Воронов на улыбку не ответил. Он молча прошел к своей двери, поковырял ключом в замке, открыл. На пороге обернулся, спросил у подбитого глаза:
— Вы ко мне?
— Я до Вильчинского, мне на девять назначено! — сипло проговорила женщина. — Вы тот самый Вильчинский?
— Нет. Он скоро будет, подождите…
— А я — к вам, Виталий Дмитриевич! — радостно объявила Курляндская, вставая.
Воронов невольно окинул взглядом ее фигуру на длиннющих, как у куклы Барби, ногах.
— С вами мы уже обо всем поговорили, — буркнул он, поворачиваясь спиной. — У меня работа, извините.
Курляндская метнулась к нему.
— А я, между прочим, записалась на прием! На девять ноль-ноль! Все как полагается!
— Вам не ко мне записываться надо, а к начальнику пресс-службы управления…
— Нет, именно к вам! Я по уголовному делу! — тараторила Курляндская. — Речь о готовящемся убийстве, Виталий Дмитриевич! Убийство и, возможно, расчлененка!
— Что? — насторожился следователь. — Какое еще убийство?
Женщина с подбитым глазом жадно слушала, смотрела и дышала — здесь пахло уже не только парфюмом и позитивом, здесь пахло каким-то неприличным скандалом.

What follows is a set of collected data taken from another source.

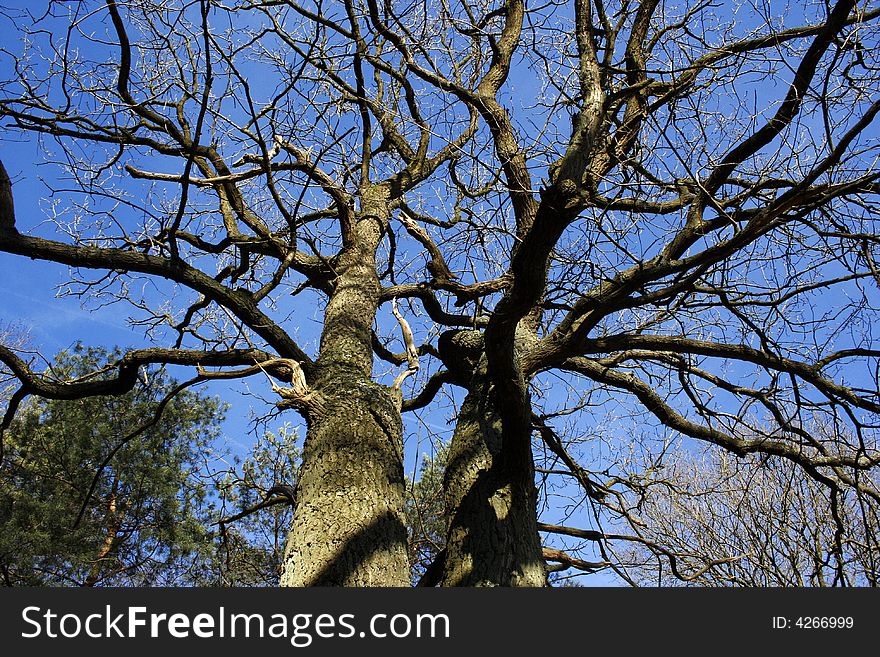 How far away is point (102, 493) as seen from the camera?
9703mm

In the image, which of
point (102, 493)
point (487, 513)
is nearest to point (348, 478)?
point (487, 513)

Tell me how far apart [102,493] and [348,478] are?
8176mm

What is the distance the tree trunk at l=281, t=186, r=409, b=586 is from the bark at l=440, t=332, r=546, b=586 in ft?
1.42

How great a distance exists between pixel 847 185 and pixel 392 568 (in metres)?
2.57

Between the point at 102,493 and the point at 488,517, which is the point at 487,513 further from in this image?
the point at 102,493

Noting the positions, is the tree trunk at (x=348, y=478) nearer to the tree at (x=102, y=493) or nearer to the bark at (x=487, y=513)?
the bark at (x=487, y=513)

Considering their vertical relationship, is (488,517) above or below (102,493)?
below

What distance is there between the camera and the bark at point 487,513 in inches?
131

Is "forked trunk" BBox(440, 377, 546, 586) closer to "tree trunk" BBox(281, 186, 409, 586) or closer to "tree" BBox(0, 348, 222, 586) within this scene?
"tree trunk" BBox(281, 186, 409, 586)

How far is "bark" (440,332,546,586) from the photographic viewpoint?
10.9 ft

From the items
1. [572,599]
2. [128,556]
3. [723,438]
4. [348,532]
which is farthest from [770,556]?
[128,556]

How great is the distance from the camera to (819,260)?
3436mm

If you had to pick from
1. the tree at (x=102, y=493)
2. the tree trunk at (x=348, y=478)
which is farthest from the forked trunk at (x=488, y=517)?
the tree at (x=102, y=493)

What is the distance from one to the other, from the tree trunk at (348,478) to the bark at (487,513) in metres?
0.43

— Мое! Меня убьют и разрубят на куски! На Мигунова сейчас такой спрос, что если я не выполню задание…
Воронов поморщился, пропустил Курляндскую в кабинет и закрыл дверь.
— Что вы от меня хотите? — устало произнес он. Мысли были далеко отсюда. В центре розыгрыша лотерей, на передаче «Как стать миллионером» или в шоу «Десять миллионов»… Но как туда попасть? К тому же ему всегда не везет…
— Мой радиорепортаж — это ерунда! — тараторила Курляндская. — Я договорилась с зав корпунктом «Ньюсуик»! Она согласовала вопрос с Центральным офисом: восемь тысяч долларов за две тысячи знаков! Это очень хороший гонорар! Маргарита обещала еще купить мне бутылку «Кристалла»! А гонорар мы поделим с вами пополам…
— Какая еще Маргарита? — буркнул Воронов. Мысли его хотя и были далеко, но начинали возвращаться.
— Маргарита и возглавляет корпункт «Ньюсуик». Красивая, элегантная женщина, но это только видимость… Чудовище, а не человек! Она лично потрошит журналистов! Помните нож доктора Ганибала Лектора? Таким ножом и потрошит. А вначале включает какой-нибудь музон на всю катушку…. Если я не выполню обещания, она поставит мое чучело в своем московском кабинете!
Воронов смотрел на нее и думал, что, случись все это неделей раньше, нет, даже вчера, он бы не стал разговаривать с этой фифой. Уже давно выставил бы ее за дверь и занимался своими делами. Или просто не впустил. Или самолично изготовил из нее чучело, не доверяя это дело какой-то Маргарите. Но за последние сутки многое изменилось. Очень многое. Он не думал об этом, но сейчас, в эту именно секунду, вдруг понял.